“Poder y sinodalidad”
Artículo del Card. Müller
La apostolicidad y la
sinodalidad son dos principios eclesiológicos de diferente origen y
significado. Mientras que la conexión con los apóstoles es fundamental para la
Iglesia católica, y aparece como una de las características de la Iglesia en el
credo, el principio de sinodalidad es un desarrollo más reciente. Sólo la
última edición del «Lexikon für Theologie und Kirche» contiene el concepto de
«principio sinodal». Con el Concilio Vaticano II, el recién constituido sínodo
romano de obispos (can. 342-348) y los sínodos diocesanos que se celebraban con
más frecuencia en algunos países (can. 460-468), « la sinodalidad de la Iglesia
que en principio se pensó para acomodar la plena participación de todos los
miembros de la Iglesia, centró más la atención» (Leo Karrer).
Que la participación
de los obispos en el gobierno general de la Iglesia, y la cooperación de todos
los sacerdotes y laicos con el obispo de la diócesis se puede derivar del mismo
principio, sigue siendo cuestionable.

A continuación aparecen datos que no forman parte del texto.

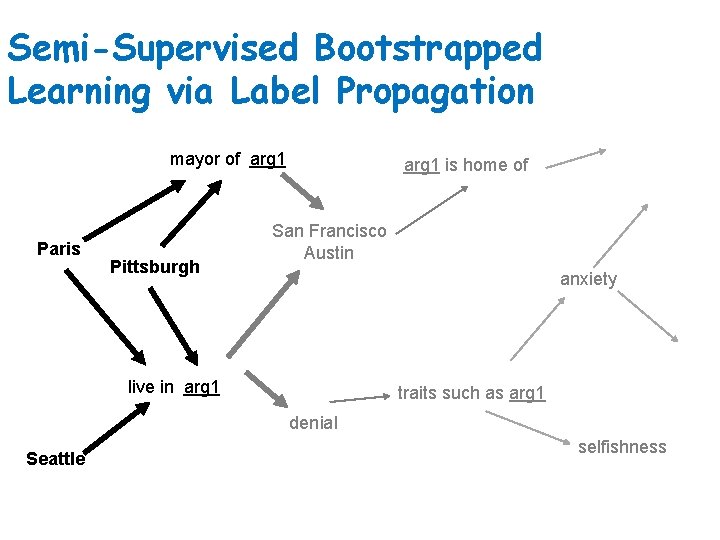 Semi-Supervised Bootstrapped Learning via Label Propagation mayor of arg 1 Paris Pittsburgh arg 1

Las instituciones del sínodo romano de
obispos, los sínodos particulares y las conferencias episcopales regionales
están, de distintas formas, fundadas sobre la igualdad de la ordenación
episcopal. La pertenencia a los colegios episcopales supone la responsabilidad
compartida entre todos los obispos para asegurar que toda la Iglesia permanezca
fiel a las enseñanzas de los apóstoles, la unidad en la fe, la unidad en los
sacramentos y en la comunión visible de todos los fieles y obispos con y bajo
la autoridad del Papa. La autoridad suprema en materia de doctrina, moral y la
constitución divina de la Iglesia recae sobre el Concilio Ecuménico. Sin
embargo, en principio, el Concilio no existe o actúa nunca sin su cabeza, el
Papa, que es el representante de Cristo y sucesor de Pedro.
Por otra parte, la
responsabilidad compartida de todos los religiosos y laicos no se deriva de su
participación en el ministerio apostólico del Papa y los obispos, sino de su
participación en el sacerdocio de Cristo y por lo tanto en la misión profética
y en la tarea diaconal de la Iglesia en «martyria» (testimonio), leiturgia (adoración)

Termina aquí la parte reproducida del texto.